Sentada allí, Sonia pensó en la condesa, a quien había conocido cinco años atrás, en ocasión de una visita a su casa. Había llegado a la finca en compañía de su padre, con quien (le pareció) mantenía una relación vagamente amorosa, y su madre (siempre nerviosa, aunque en verdad dura como una piedra y convencida de lo inatacable de su posición), había estado a punto de morir de susto al comprobar que se trataba de una gran dama. Sonia la había adorado al instante, pegándose a su falda e imitando sus gestos altaneros.
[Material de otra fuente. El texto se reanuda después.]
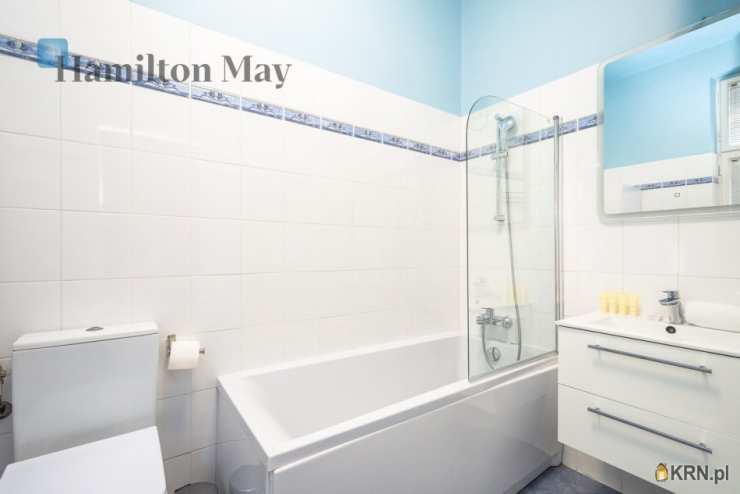 Kraków, Stare Miasto, ul. Rynek Główny, Mieszkanie  do wynajęcia, 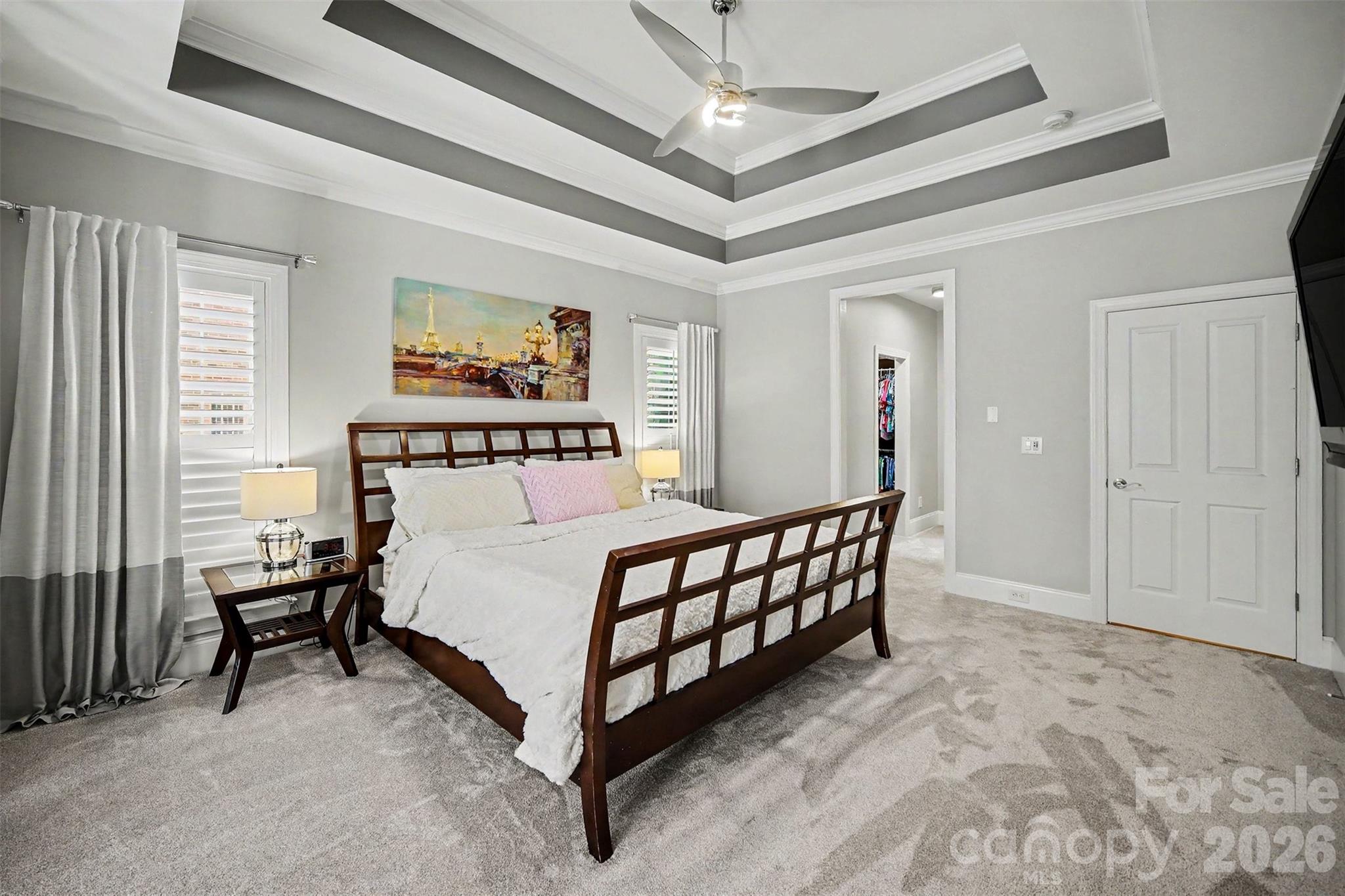 7142 Three Wood Drive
La condesa, hija única del famoso duque de M. —ministro incapaz pero distinguidísimo—, se había casado joven y, lo que es aún más atinado, había enviudado joven. De modo que, habiendo atravesado como un meteoro lo más farragoso de sus obligaciones sociales, se encontró a los 24 años sola, rica e independiente. Era un ejemplo de buena suerte, había comentado secamente la madre de Sonia, mirando de soslayo a su marido.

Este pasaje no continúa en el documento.